**What you will do**
May I have the line containing "Vintage Kodak Brownie" and every line after it through the end of the data, repeated exactly and with no other lines?

**Records supplied**
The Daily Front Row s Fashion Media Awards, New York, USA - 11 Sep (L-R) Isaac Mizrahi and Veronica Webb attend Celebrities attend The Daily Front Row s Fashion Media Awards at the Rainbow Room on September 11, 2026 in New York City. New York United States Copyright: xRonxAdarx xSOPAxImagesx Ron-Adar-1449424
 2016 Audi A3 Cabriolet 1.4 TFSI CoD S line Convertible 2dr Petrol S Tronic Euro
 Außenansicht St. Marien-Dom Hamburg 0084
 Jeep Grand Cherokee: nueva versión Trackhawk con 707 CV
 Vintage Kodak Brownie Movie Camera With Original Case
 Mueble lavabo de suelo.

**Exercise solution**
 Vintage Kodak Brownie Movie Camera With Original Case
 Mueble lavabo de suelo.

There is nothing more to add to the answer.